§ **Problem to solve**
No pictures, nothing altered: return the data below.

§ **Dataset extract**
BEGIN

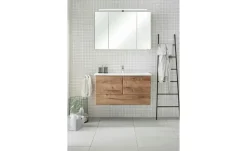 smart Spiegelschrank Dreieckssee | 105 cm | Höffner
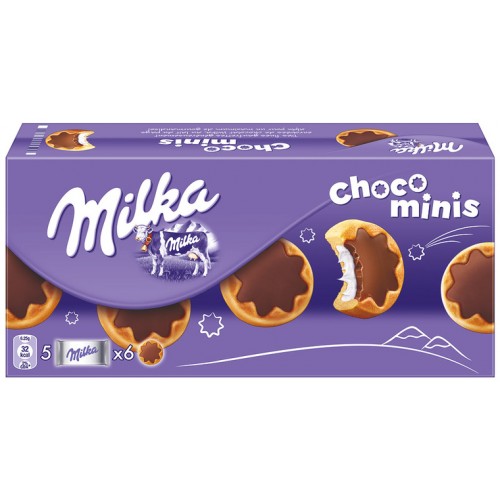 Milka Chocominis 150g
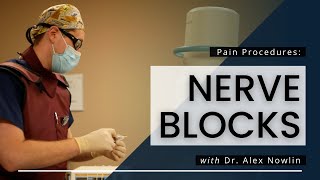 Nerve Blocks for Chronic Pain What You Should Know [upl. by Kimble]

END

§ **Solution below**
 smart Spiegelschrank Dreieckssee | 105 cm | Höffner
 Milka Chocominis 150g
 Nerve Blocks for Chronic Pain What You Should Know [upl. by Kimble]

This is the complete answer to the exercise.